The driver of a car going 96.0 km/h suddenly sees the lights of a barrier 39.0 m ahead. It takes the driver 0.75 s to apply the brakes, and the average acceleration during braking is -10.0 m/s2. (b) What is the maximum speed at which the car could be moving and not hit the barrier 39.0 m ahead?

Answer 1

Answer:

21.42m/S

Explanation:

Hello!

To solve this problem we must perform the following steps.
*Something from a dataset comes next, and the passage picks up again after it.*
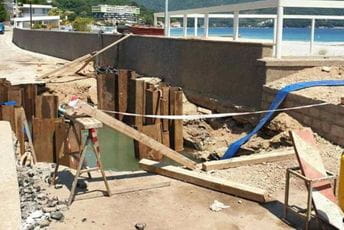 Zbog raskopane ulice fekalije otiču u more Radovi na kolektoru u Bijeloj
1. Find the distance traveled from until the driver reacts, this is achieved using the equation for constant speed movement.

X1=VT

where

x= distance traveled

v=initial speed

T=time=0.75s

X1=0.75Vo

we must take into account that the total distance is the sum of the distance at which the pilot reacts (x1) and when it starts to decelerate (x2)

39=0.75Vo+X2

X2=39-0.75Vo

2. Now we use the equation that defines a movement with constant acceleration.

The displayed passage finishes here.